# Wo fischen in Österreich auf Großkarpfen ??



## Lukas van Karpf (2. November 2004)

*Hallo liebe Anglerkolegen!!!!!!!!|wavey: |welcome: *

Mich würde mal Interessieren wo ihr denkt das es ein Karpfenparadies in der Nähe von Salzburg/Österreich gibt#c 

Ich meine die Österreichischen Seeen *zb:Wallersee* die habe ich schon vergeblich befischt aber nur immer mit höchstens 20pfund Karpfen.

Ich möchte gerne mal eure Meinung wissen zum THEMA "KARPFENPARADIES" in Österreich.

Also bitte ich euch schreibt  mir eure Ratschläge auf wo man es in Österreich noch richtige und viele Großkarpfen gibt.  

*DANKE*


----------



## rob (2. November 2004)

*AW: Wo fischen in Österreich auf Großkarpfen ??*

servus!
also paradies ist relativ.es gibt bei uns eine menge an teichen und seen in denen der karpfen schon seit jahrzehnten besetzt wird bzw ein natürlicher bestand(wildkarpfen)war.das ist eigentlich schon fast das wichtigste.das heisst in diesen gewässern gibt es alte karpfen,sofern der lebensraum entsprechend ist.nach diesen indizien musst du bei dir in der nähe suchen.
ich weiss z.b. vom irrsee(zeller) das da sehr alte karpfen drinnen sind.angeblich werden sie dort auch wieder seit einiger zeit regelmässig besetzt.nur musst du dort über einen längeren zeitraum an einer karpfenverdächtigen stelle anfüttern.ich hab als kind dort gefischt und gefüttert und nur grosse brachsen erwischt....aber da hab ich noch anders gefischt.
bei donaustrecken sind die ausstände,strömungsarme buchten und buhnenfelder interessante plätze.da hast du auch immer die möglichkeit auf einen ganz grossen.mehr karpfenreviere in deiner gegend kenn ich nicht.ich selber fisch in teichen wo wir eigentlich fast jeden grossen karpfen kennen.bis zu 28 kilo schwer sind da die burschen.solche teiche musst du finden oder an der donau(wo ich eigentlich die meisste zeit verbringe und mich dort fast mehr über einen grossen freue,die da gar nicht so wenige sind) bzw grosse seen auf dein glück hoffen das ein grosser beisst.aber die chance ist immer da!
lg rob.


----------



## Lukas van Karpf (2. November 2004)

*AW: Wo fischen in Österreich auf Großkarpfen ??*

Ja da hast du recht im Irrsee sind morz brocken drin 
Danke auch für deine ausführliche Antwort, aber Donau is doch schon ein bisschen weit von mir Zuhause entfernt da "SALZBURG MEIN WOHNORT" ist.

lg.Lukas


----------



## rob (2. November 2004)

*AW: Wo fischen in Österreich auf Großkarpfen ??*

gern lukas!
viel glück bei deiner suche und erfolg beim grossen karpfen fangen!
lg rob


----------



## Lukas van Karpf (2. November 2004)

*AW: Wo fischen in Österreich auf Großkarpfen ??*

danke dir rob


----------



## hkroiss (3. November 2004)

*AW: Wo fischen in Österreich auf Großkarpfen ??*

Hallo Lukas, mit dem Irrsee hast Du ein gutes Karpfengewässer (fast) vor der Haustür.
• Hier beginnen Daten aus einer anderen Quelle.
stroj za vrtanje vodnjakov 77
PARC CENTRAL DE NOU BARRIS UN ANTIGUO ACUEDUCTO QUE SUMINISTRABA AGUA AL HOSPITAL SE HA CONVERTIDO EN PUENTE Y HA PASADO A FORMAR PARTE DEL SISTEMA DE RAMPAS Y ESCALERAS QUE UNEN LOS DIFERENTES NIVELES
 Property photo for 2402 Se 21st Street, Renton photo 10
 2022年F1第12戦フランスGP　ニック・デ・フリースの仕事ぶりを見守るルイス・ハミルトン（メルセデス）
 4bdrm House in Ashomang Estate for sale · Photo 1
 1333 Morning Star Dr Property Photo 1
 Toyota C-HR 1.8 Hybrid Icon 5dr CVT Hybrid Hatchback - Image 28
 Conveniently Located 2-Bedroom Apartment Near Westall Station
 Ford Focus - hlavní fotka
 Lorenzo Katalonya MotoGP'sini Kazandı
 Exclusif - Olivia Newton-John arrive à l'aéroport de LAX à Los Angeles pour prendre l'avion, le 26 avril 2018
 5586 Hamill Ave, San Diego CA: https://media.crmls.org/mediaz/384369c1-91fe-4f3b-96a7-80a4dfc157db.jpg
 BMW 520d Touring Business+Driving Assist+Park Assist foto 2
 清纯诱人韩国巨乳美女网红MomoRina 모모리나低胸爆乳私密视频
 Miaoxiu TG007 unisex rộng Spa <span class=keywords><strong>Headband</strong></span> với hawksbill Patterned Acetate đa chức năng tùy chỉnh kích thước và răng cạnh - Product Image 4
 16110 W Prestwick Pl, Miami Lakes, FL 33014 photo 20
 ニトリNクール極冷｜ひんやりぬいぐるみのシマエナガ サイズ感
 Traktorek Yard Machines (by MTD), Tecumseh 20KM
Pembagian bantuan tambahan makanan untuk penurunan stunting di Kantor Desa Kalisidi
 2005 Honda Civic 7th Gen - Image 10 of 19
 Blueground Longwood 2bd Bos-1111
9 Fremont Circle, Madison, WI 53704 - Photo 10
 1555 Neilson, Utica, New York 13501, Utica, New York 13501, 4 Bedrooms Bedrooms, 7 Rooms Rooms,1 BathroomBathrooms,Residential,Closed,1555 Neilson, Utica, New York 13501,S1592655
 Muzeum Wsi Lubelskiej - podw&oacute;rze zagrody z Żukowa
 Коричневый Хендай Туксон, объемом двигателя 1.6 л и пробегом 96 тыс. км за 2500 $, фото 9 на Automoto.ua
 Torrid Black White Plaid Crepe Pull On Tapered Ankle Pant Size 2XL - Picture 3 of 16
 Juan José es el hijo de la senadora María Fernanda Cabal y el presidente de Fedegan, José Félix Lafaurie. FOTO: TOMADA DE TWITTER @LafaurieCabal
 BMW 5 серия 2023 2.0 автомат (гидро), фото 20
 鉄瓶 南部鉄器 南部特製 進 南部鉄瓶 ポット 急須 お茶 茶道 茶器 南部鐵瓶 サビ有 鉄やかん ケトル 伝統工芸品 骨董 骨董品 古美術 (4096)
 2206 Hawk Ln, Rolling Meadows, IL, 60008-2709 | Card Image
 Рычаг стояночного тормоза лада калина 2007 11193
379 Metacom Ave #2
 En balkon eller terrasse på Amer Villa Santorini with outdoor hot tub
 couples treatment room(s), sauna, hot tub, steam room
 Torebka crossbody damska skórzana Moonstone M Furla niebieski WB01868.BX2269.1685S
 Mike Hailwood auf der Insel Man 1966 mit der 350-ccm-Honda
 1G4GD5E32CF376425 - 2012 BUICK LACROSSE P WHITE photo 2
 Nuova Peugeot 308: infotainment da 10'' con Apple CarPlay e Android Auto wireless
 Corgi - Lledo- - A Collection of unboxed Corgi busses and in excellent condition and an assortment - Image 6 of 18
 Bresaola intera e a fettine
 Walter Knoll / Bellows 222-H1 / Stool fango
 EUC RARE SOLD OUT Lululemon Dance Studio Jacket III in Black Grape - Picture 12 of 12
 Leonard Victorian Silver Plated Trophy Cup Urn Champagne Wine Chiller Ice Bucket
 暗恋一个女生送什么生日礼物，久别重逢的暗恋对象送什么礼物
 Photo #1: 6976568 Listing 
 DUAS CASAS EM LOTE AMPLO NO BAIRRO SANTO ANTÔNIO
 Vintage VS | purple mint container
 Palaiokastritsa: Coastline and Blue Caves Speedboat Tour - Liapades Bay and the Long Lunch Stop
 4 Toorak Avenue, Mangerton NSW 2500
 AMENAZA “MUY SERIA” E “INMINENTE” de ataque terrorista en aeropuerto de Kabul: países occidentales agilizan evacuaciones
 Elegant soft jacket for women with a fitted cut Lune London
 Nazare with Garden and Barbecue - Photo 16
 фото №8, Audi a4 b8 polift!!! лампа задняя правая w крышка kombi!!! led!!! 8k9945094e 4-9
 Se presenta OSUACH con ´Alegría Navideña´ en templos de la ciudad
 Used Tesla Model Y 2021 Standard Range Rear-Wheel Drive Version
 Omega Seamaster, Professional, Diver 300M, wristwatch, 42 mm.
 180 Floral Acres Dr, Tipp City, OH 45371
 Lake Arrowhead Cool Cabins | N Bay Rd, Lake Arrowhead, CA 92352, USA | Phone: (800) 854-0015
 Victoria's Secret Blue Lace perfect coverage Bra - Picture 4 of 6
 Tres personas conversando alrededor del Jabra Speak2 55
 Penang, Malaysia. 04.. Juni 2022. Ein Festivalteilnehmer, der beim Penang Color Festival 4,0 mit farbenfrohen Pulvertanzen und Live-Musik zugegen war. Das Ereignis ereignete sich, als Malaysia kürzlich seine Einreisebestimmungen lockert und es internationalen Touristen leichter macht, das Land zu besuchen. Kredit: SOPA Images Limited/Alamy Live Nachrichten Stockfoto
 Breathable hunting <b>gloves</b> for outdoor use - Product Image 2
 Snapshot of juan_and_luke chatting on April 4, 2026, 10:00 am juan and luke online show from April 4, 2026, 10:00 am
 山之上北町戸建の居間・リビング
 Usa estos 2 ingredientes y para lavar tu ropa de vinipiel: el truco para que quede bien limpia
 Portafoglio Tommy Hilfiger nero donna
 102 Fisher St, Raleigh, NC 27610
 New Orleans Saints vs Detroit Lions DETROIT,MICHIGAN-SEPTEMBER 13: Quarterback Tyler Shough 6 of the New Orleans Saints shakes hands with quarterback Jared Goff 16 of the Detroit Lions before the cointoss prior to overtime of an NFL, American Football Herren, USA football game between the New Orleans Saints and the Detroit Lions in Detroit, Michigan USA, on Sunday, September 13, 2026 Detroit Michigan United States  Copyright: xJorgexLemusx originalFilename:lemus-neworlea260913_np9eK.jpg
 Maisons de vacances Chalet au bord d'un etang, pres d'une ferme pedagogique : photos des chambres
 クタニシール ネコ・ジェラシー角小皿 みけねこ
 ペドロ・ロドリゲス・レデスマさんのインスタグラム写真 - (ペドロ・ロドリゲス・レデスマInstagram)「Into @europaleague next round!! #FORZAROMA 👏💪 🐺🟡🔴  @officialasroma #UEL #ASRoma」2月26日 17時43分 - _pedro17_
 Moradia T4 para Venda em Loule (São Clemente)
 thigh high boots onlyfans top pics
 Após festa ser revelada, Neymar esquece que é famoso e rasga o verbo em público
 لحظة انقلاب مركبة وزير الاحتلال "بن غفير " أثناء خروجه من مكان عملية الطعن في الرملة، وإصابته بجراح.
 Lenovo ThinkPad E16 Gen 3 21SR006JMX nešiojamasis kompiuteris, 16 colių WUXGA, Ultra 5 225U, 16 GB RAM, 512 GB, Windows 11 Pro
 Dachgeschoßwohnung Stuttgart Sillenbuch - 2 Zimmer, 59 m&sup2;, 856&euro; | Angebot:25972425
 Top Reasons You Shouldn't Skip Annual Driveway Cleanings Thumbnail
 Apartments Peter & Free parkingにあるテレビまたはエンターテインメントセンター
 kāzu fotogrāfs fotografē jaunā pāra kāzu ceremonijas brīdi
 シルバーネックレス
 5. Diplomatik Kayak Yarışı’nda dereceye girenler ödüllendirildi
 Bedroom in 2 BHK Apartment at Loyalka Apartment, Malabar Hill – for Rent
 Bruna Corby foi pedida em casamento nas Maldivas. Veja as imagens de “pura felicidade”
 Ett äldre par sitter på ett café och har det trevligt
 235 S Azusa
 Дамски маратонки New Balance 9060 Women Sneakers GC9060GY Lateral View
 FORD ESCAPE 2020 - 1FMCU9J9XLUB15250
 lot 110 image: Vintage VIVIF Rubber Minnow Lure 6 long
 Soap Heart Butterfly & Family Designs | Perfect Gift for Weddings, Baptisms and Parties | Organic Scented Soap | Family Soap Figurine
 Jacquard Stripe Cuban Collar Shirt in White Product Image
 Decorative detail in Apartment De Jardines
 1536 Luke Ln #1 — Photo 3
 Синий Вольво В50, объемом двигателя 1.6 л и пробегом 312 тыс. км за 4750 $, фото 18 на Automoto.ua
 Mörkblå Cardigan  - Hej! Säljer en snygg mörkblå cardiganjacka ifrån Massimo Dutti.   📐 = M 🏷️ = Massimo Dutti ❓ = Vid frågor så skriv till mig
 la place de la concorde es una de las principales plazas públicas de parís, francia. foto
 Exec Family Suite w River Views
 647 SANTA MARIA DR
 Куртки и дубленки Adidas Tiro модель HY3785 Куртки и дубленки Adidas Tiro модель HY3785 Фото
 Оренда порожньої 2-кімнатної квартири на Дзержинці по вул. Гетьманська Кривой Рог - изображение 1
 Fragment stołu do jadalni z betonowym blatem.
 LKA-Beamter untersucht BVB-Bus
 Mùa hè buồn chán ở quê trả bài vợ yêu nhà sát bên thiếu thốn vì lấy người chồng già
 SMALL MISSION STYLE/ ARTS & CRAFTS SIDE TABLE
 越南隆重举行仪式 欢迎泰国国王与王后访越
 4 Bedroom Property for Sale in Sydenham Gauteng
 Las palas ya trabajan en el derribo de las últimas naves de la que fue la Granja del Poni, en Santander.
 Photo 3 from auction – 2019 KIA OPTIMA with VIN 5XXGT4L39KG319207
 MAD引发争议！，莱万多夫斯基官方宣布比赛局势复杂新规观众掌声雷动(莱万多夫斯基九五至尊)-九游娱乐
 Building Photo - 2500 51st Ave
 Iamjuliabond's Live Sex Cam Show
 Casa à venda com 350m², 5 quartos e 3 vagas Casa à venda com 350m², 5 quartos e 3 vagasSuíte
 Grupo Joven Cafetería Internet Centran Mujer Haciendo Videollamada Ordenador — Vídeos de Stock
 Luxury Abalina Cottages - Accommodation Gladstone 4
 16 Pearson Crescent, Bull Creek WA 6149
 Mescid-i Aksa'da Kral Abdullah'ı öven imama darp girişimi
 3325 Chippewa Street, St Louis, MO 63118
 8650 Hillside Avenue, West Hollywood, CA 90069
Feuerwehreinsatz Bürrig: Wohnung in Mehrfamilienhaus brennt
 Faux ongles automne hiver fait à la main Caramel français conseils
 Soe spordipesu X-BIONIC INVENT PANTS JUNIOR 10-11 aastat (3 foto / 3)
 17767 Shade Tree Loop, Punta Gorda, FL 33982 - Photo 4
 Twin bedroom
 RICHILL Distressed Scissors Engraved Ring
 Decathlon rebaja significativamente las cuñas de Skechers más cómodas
Aber, ohne zu füttern geht hier relativ wenig. Wir haben heuer Karpfen bis 10 kg am Irrsee gefangen.

Vor 2 Jahren war ich ein paar Mal am Holzöstersee. Auch da gibt's gute Karpfen.
Grüße Harald


----------



## Lukas van Karpf (3. November 2004)

*AW: Wo fischen in Österreich auf Großkarpfen ??*

Ja da hast du recht anfüttern is kein Problem für mich da kenn ich mich schon aus wie und wo ich das mache 
Aber eigentlich ist der WALLERSEE mein Zielgebiet.
Fischt du auch am Wallersee ?

Gruss
Lukas


----------



## hkroiss (4. November 2004)

*AW: Wo fischen in Österreich auf Großkarpfen ??*

Nein, ich hab am Zellersee einen Wohnwagen stehen und bin eigentlich das ganze Jahr über am See.


----------



## Lukas van Karpf (4. November 2004)

*AW: Wo fischen in Österreich auf Großkarpfen ??*

ok, danke


----------



## wolfgang öhler (19. Dezember 2007)

*AW: Wo fischen in Österreich auf Großkarpfen ??*



rob schrieb:


> servus!
> also paradies ist relativ.es gibt bei uns eine menge an teichen und seen in denen der karpfen schon seit jahrzehnten besetzt wird bzw ein natürlicher bestand(wildkarpfen)war.das ist eigentlich schon fast das wichtigste.das heisst in diesen gewässern gibt es alte karpfen,sofern der lebensraum entsprechend ist.nach diesen indizien musst du bei dir in der nähe suchen.
> ich weiss z.b. vom irrsee(zeller) das da sehr alte karpfen drinnen sind.angeblich werden sie dort auch wieder seit einiger zeit regelmässig besetzt.nur musst du dort über einen längeren zeitraum an einer karpfenverdächtigen stelle anfüttern.ich hab als kind dort gefischt und gefüttert und nur grosse brachsen erwischt....aber da hab ich noch anders gefischt.
> bei donaustrecken sind die ausstände,strömungsarme buchten und buhnenfelder interessante plätze.da hast du auch immer die möglichkeit auf einen ganz grossen.mehr karpfenreviere in deiner gegend kenn ich nicht.ich selber fisch in teichen wo wir eigentlich fast jeden grossen karpfen kennen.bis zu 28 kilo schwer sind da die burschen.solche teiche musst du finden oder an der donau(wo ich eigentlich die meisste zeit verbringe und mich dort fast mehr über einen grossen freue,die da gar nicht so wenige sind) bzw grosse seen auf dein glück hoffen das ein grosser beisst.aber die chance ist immer da!
> lg rob.


Hallo bin aus wien und habe schon auf top gewässer in österreich gefischt (hechten waller und karpfen) eine top adresse www.wundschuhersee.at


----------



## magic feeder (20. Dezember 2007)

*AW: Wo fischen in Österreich auf Großkarpfen ??*

also ich persönlich weiss dass es im salzachsee bei salzburg riesige karpfen und amur gibt...ausserdem kann ich den abtsdorfer see empfehlen der ist aber auf deutscher seite und auch nicht so weit von salzburg entfernt....


----------



## rob (20. Dezember 2007)

*AW: Wo fischen in Österreich auf Großkarpfen ??*

der thread ist 3 jahre alt:q:q
ob er noch immer auf der suche ist?
lg rob


----------